Human Immunodeficiency Virus Clinical Trial
Official title:
Generic Velpatasvir Plus Sofosbuvir With or Without Ribavirin for the Treatment of Hepatitis C Virus in Patients Coinfected With Human Immunodeficiency Virus
Data are limited regarding the effectiveness and safety of generic velpatasvir plus sofosbuvir (VEL/SOF) with or without ribavirin (RBV) for the treatment of hepatitis C virus (HCV) in patients with human immunodeficiency virus (HIV) coinfection. We aim to compare the effectiveness and safety of VEL/SOF with and without RBV for 12 weeks in HIV/HCV-coinfected and HCV-monoinfected patients The antiviral responses and the adverse events (AEs) are compare between the two groups. The characteristics potentially related to sustained virologic response 12 weeks off therapy (SVR12) are analyzed.
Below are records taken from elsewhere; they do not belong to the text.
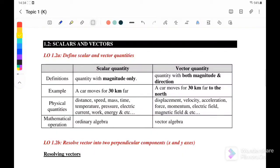Welcome to my channel. Today we are going to continue with Chapter 1, Physics: Quantities and Measurement.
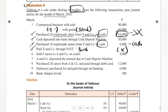Sixth date: Sold saris to A&Co on credit. This is a new person. Saris are sold on credit. A&Co is the receiver, so we debit A&Co account. Sales is income, so we credit sales account. Therefore: A&Co account debit to sales account 4,000 rupees, being goods sold on credit.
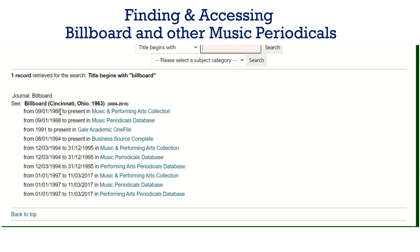The one from 1988 to the present in the Music and Performing Arts collection is the one with the broadest coverage.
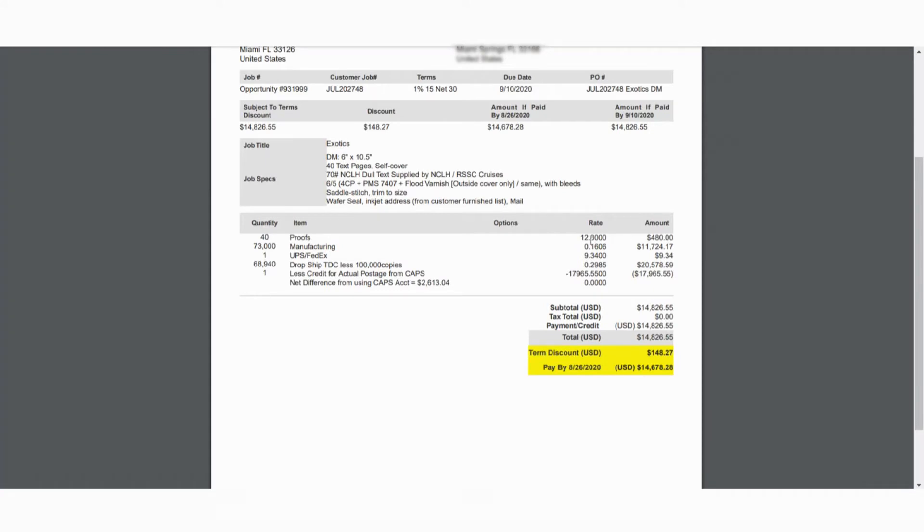They want it to only go out two decimal places. And when it's required, it can go out up to four decimal places, but they want the preference to be two and it only goes out four when they need it to go out four decimal places.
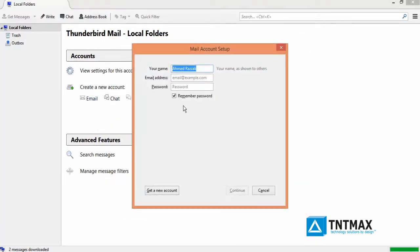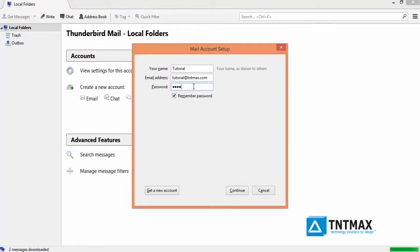Enter your name. Enter your MaxML email address. Enter your MaxML email address password. Then click on continue.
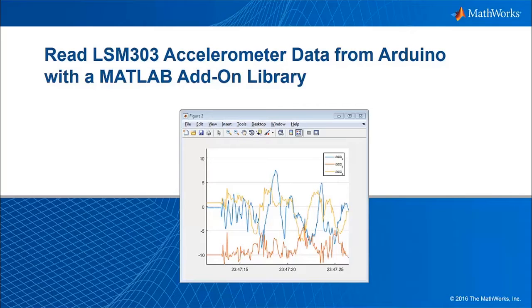In this video, we'll see how you can install additional add-on libraries to provide expanded Arduino support in MATLAB.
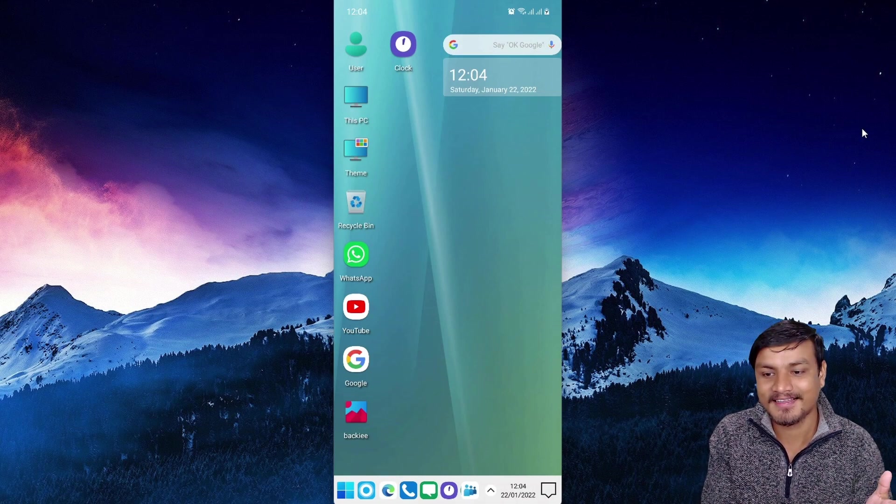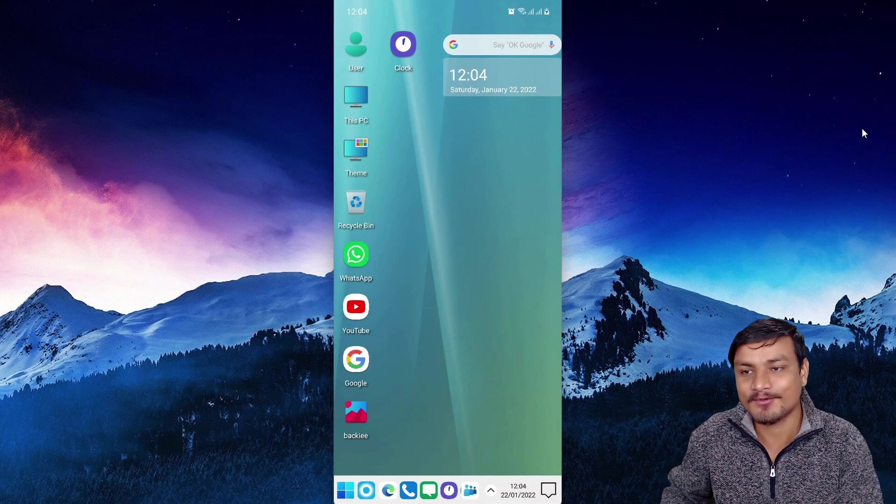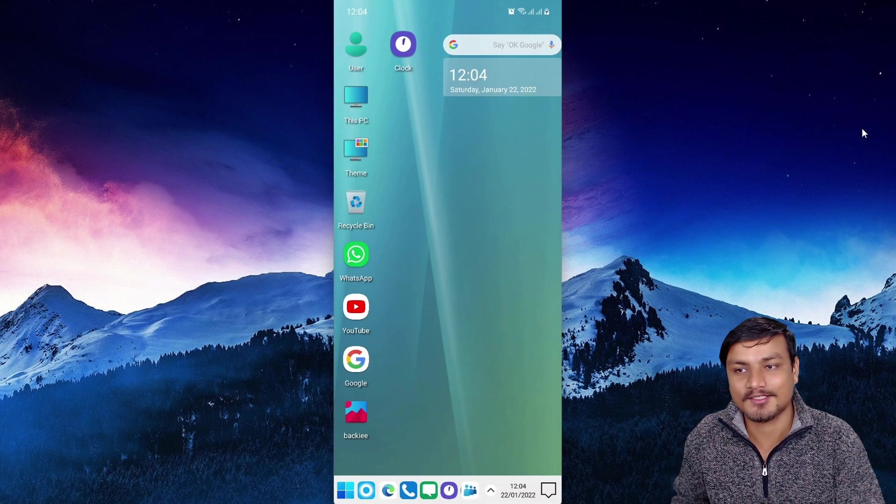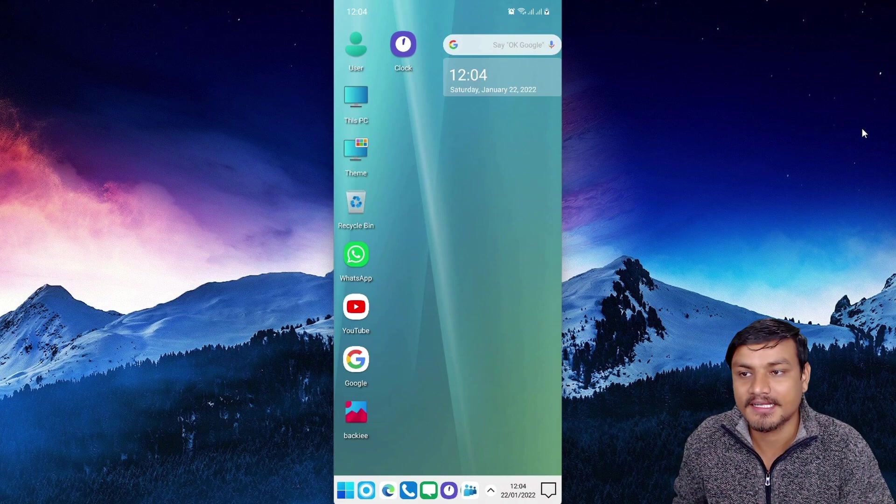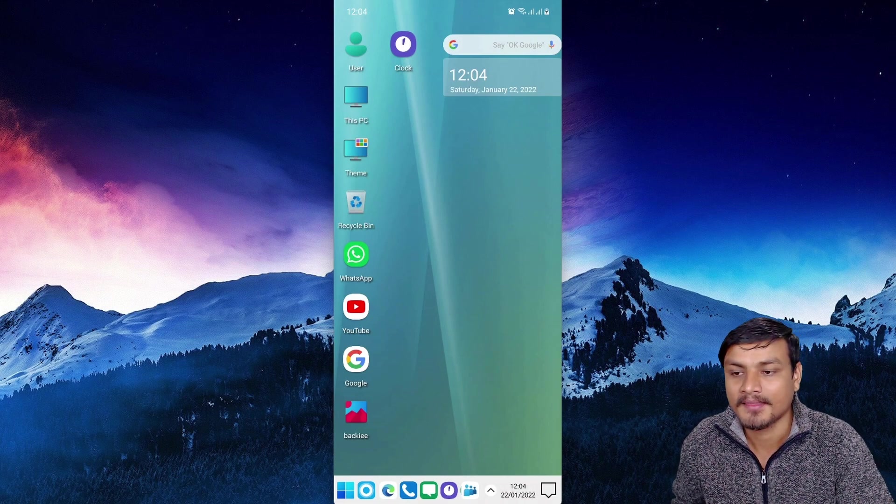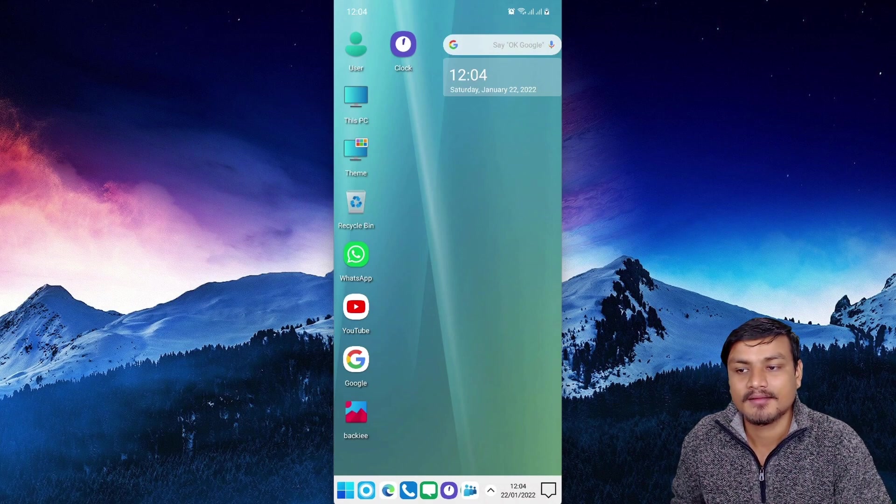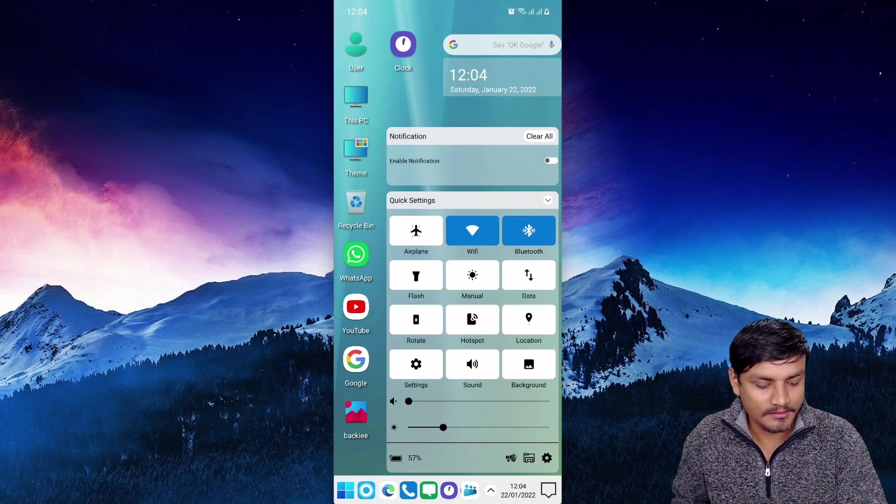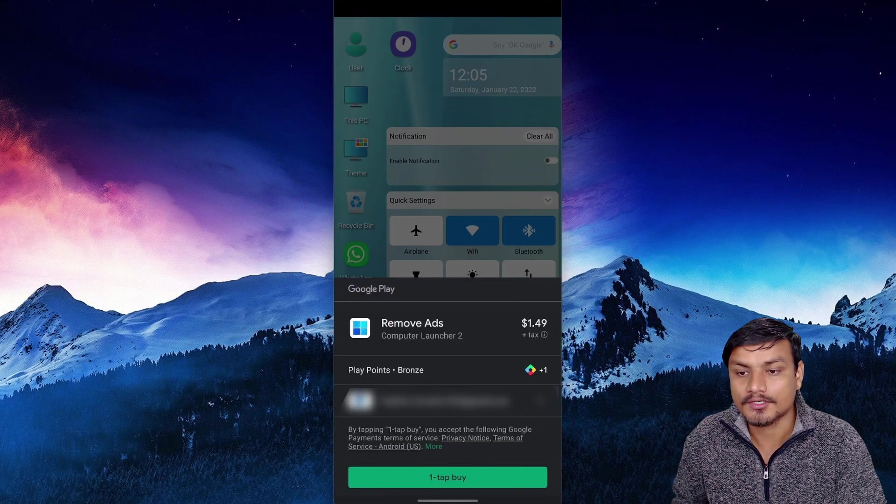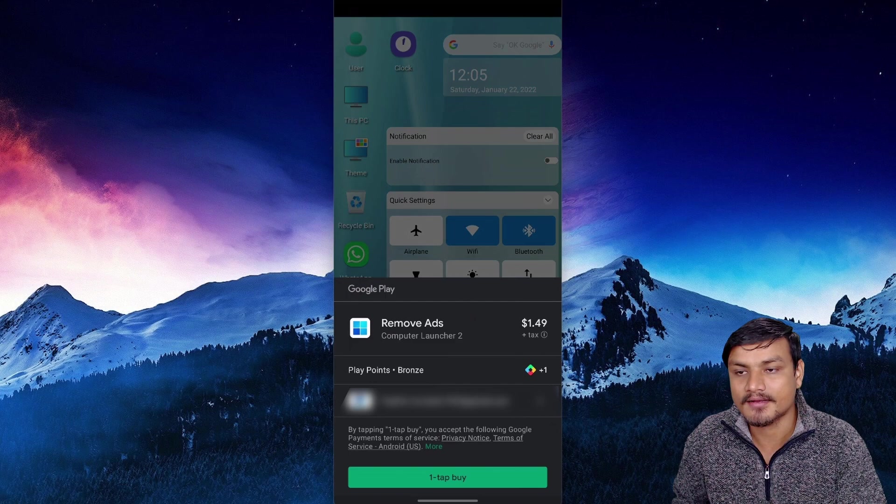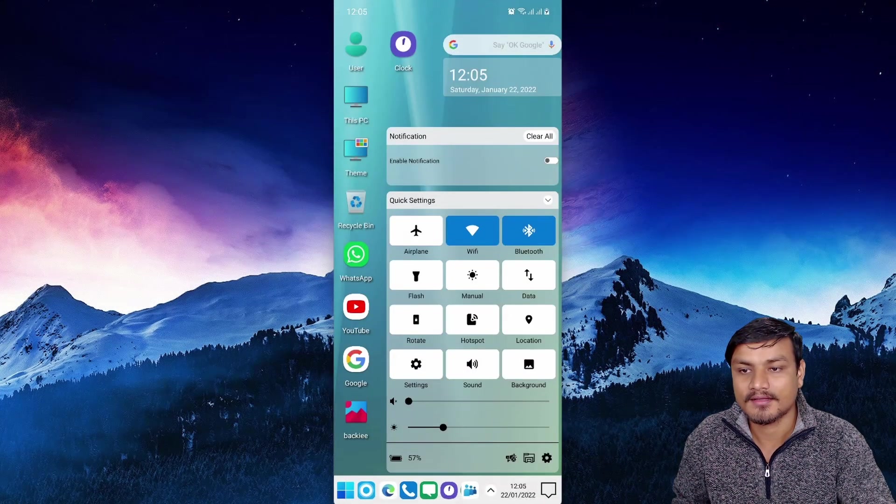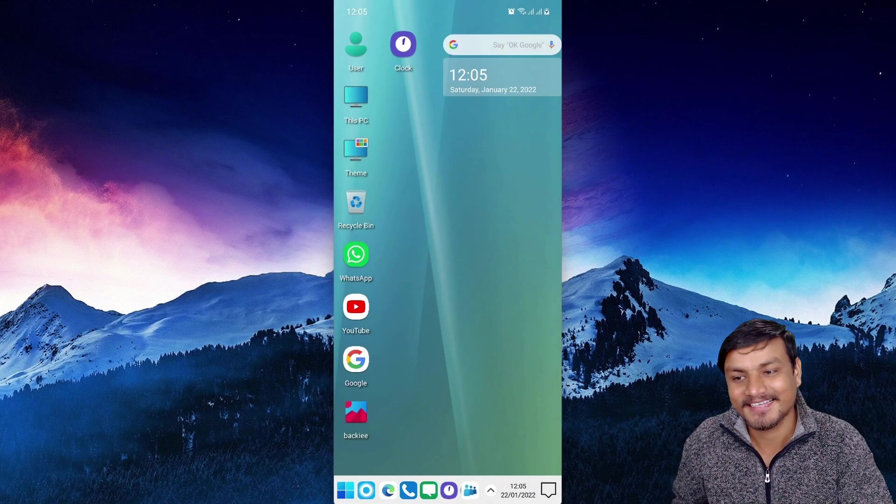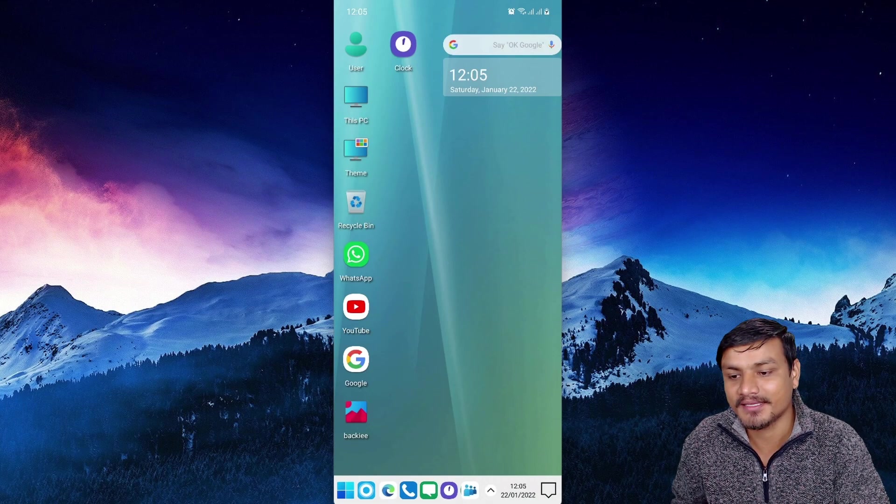One more thing, last thing I want to say - there will be lots of ads because it's not a completely free application. If you download it for free, you will see lots of ads. But you can remove those ads for only one and a half dollars, and you will experience this without any ads. You can remove the ads by paying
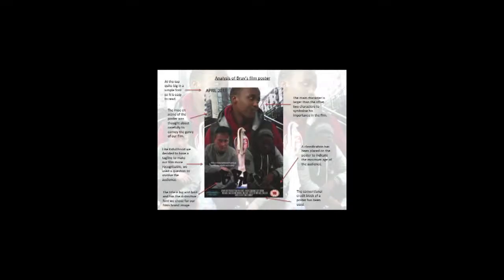When we were analysing 'Kidulthood's' film poster, we noticed that they had a tagline for their film, which we thought was very catchy. Therefore, we decided to create a tagline for our own film. We decided to use a question as our tagline to involve the audience and get them thinking about the narrative, wanting to know more. Therefore, they would be intrigued and may go on to watch the film.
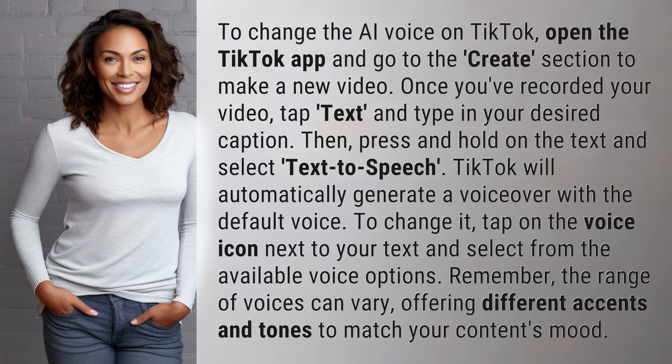TikTok will automatically generate a voiceover with the default voice. To change it, tap on the voice icon next to your text and select from the available voice options. Remember, the range of voices can vary, offering different accents and tones to match your content's mood.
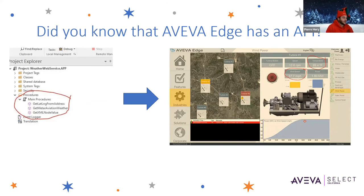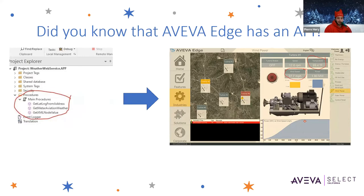As Santa mentioned, next we're going to be talking about Aviva Edge. This is a solution that he prefers to use in his North Pole toy factory, and Santa's toy factory is one of our favorite use cases for this product.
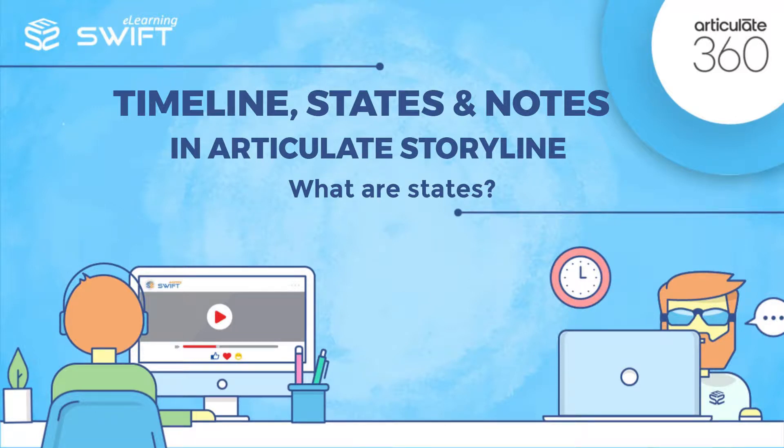Hello, and welcome back to the fourth section of Articulate Storyline training series.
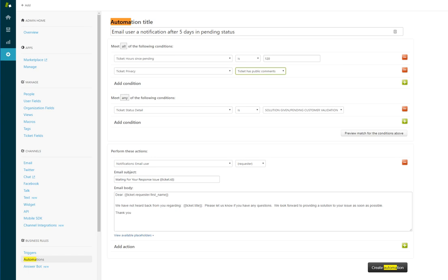If you have more than the four statuses that Zendesk natively gives you - new, open, pending, and closed - if you want to have your own, this is certainly not necessary, but we happen to have this just to make it a little more clear.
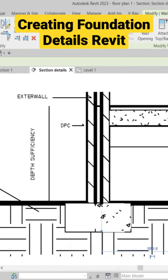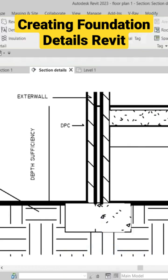So that's it — this is how to draw foundation details. Thanks for watching, subscribe to our channel and follow.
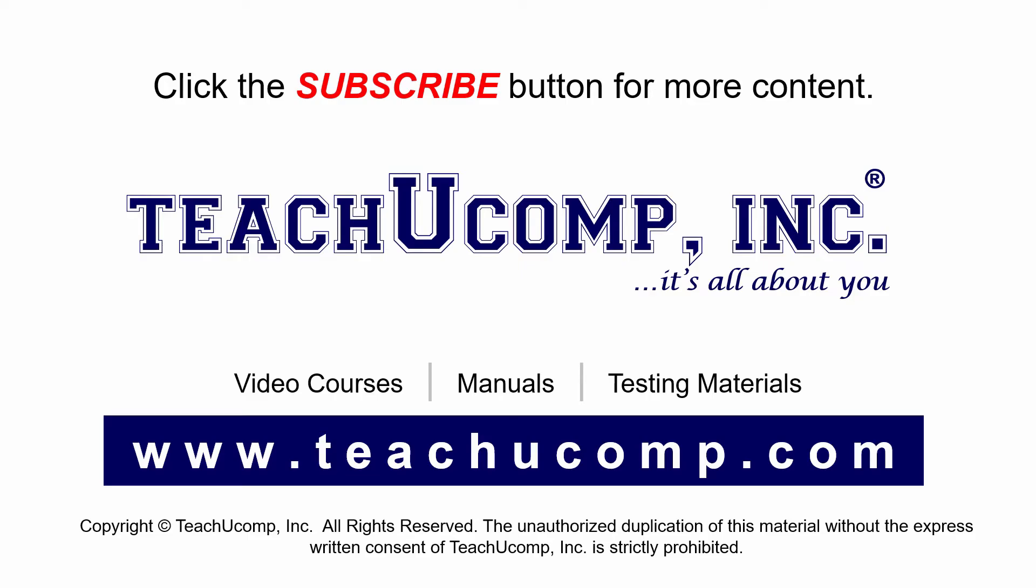If you like our video, click the subscribe button to subscribe to our channel and get easy access to new content. To see our full suite of ad-free video courses and training materials, visit us at teachucomp.com.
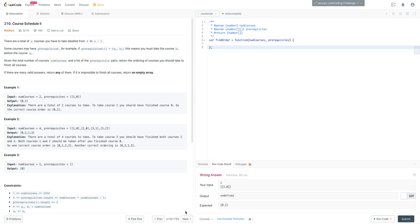Let's read over the prompt. There are a total of n courses that you take, labeled from 0 to n minus 1. Some courses may have prerequisites — for example, prerequisites[i] is [a_i, b_i], meaning you take course b_i before a_i. Given the total number of courses, numCourses, and a list of prerequisite pairs, return the ordering of courses you should take to finish all of them. If there are many valid answers, return any of them. If it is impossible to finish all courses, return an empty array.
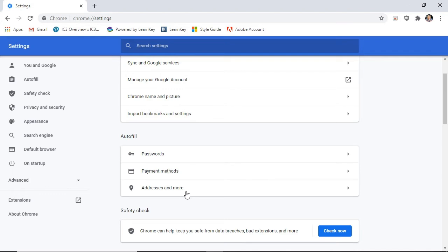A safety check can be run to ensure that passwords and browsing are safe and that everything is up to date. You can run a check by selecting Check Now.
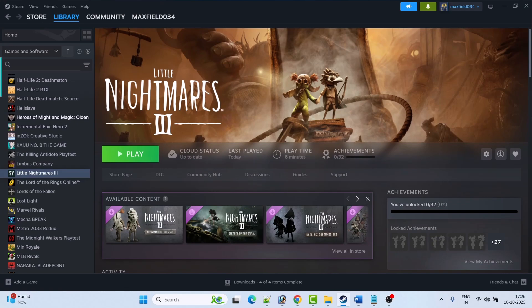Hello guys, welcome back to my YouTube channel. In this video tutorial I will show you how to fix Little Nightmares 3 crashing, crashing at startup, crashing to desktop, not launching, freezing, not loading, stuck on loading screen, or black screen issue on PC. Without wasting time, follow the fixes.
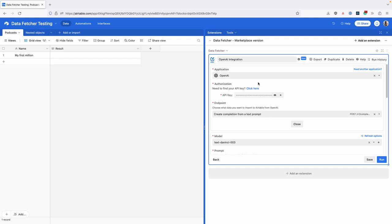In this video, we're going to take a look at some of the latest features in Data Fetcher. The first thing we've added is an integration with OpenAI.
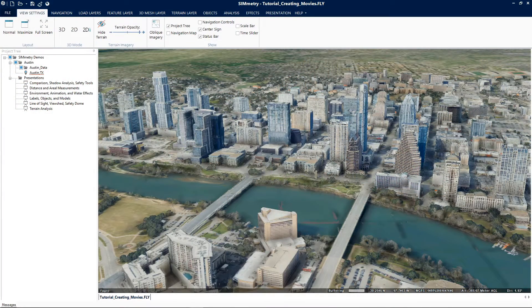Hello everyone and welcome to the Symmetry tutorial series. This tutorial on creating movies will provide you the steps to create a movie that's in an AVI format using a presentation from your project.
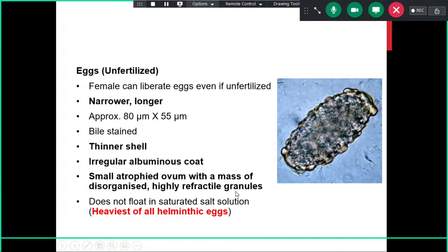Notably, the unfertilized egg of Ascaris lumbricoides is one of the heaviest helminth eggs found in human infections. Because of its high density and weight, it will not float in flotation concentration techniques — it sinks. Therefore, flotation methods are not helpful for concentrating unfertilized eggs, whereas sedimentation techniques are useful, as is the case for most helminth eggs.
Due to the lack of effective vaccination and the shared routes of transmission, hepatitis C
virus (HCV) infection remains a challenging co-morbidity in patients with human
immunodeficiency virus (HIV) infection. It is estimated that approximately 2.3 million people
are coinfected with HIV and HCV (HIV/HCV) in the world. Compared to patients with HCV
monoinfection, HIV/HCV-coinfected patients tend to have higher serum HCV viral loads, faster
hepatic fibrosis progression, and higher risks of hepatic decompensation. Following the
commencement of scale-up antiretroviral therapy (ART) that decreases the HIV-related
opportunistic infections and malignancies, the liver-related complications have now become
the leading cause of morbidity and mortality in HIV/HCV-coinfected patients. On the other
hand, the survival rate is improved if these patients achieve sustained virologic response
(SVR) by anti-HCV agents.
On the basis of excellent efficacy and safety, treatment by interferon (IFN)-free direct
acting antiviral agents (DAAs) has made a paradigm shift for HCV care. Velpatasvir (VEL) is
an HCV non-structural protein 5A (NS5A) inhibitor and sofosbuvir (SOF) is an HCV NS5B
nucleotide polymerase inhibitor. Both agents are active against HCV with pan-genotypic
potency. A fixed-dose combination of VEL at a daily dosage of 100 mg and SOF at a daily
dosage of 400 mg (VEL/SOF) with or without weight-based ribavirin (RBV) has been approved by
U.S. Food and Drug Administration (FDA) and European Medicines Agency (EMA) to treat HCV
genotype 1-6 patients with compensated and decompensated liver diseases, respectively.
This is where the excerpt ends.